# 911



## pdoyle2 (Sep 17, 2009)

my step sister bought a beta fish, I'm not sure which kind but she didn't have a tank, so she put him in Tupperware, the Tupperware dish is probably less than a cup, she over feeds it and I was wondering if I could put him in one of my tanks until I make her buy a tank. I have one tank with a goldfish (2 gal) and a biorb with 8 neon tetras in it(4 gal). Will he be safe in either of these?


----------



## daniel89 (Nov 28, 2009)

ugh thats a tough question, I have betta's and all the males have there own tanks which are like a gallon big, but id say stick him into a bigger bowl untill then?

fyi even a 5 dollar nice size vase will be better than a small container


----------



## pdoyle2 (Sep 17, 2009)

well I dont really have a bigger bowl... would he be ok in one of the previously mentioned tanks for a day or two?


----------



## Guest (Dec 27, 2009)

i responded this in your other topic:
Ehm, how big is the tank? beta's are aggressive fish no matter how pretty they are. You just have to decide if you care more about your sister's beta or your tetra's I think..

They can survive in cups, that's how many pet stores hold them, but at least the local one here uses bag buddies to up the O2 saturation and slow the fish's respiration.
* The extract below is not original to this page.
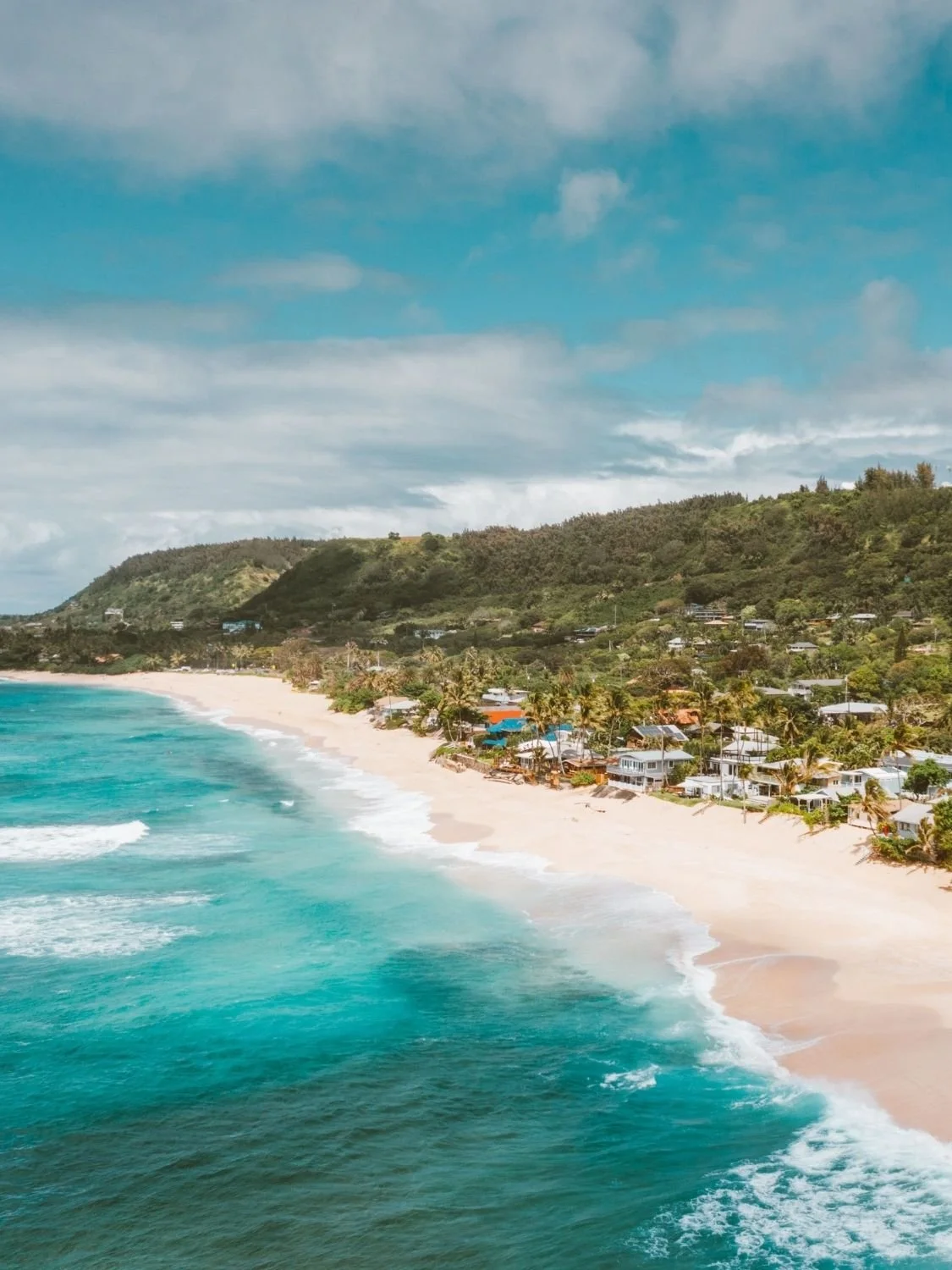 Aerial view of a tropical beach with turquoise ocean waves, golden sand, and beachfront homes backed by lush green hills.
If you have any buckets that haven't been used for chemicals, like perhaps one you have just for you fish for water changes?


----------



## emc7 (Jul 23, 2005)

change water 2x a day if its in a little cup. You could also use a bigger bowl (like a mixing bowl) or large gladware or tupperware container.


----------



## daniel89 (Nov 28, 2009)

bettas shouldnt be mixed with goldfish. bettas are tropical fish and goldfish are cold water. and ive been told that neons like to bite bettas tails, so also not a good idea. if you could find something that is about a gallon (a big tupperwear would be fine), the betta will be fine. but if you have to keep it in something small like a cup, you need to do water changes every day.

-christina


----------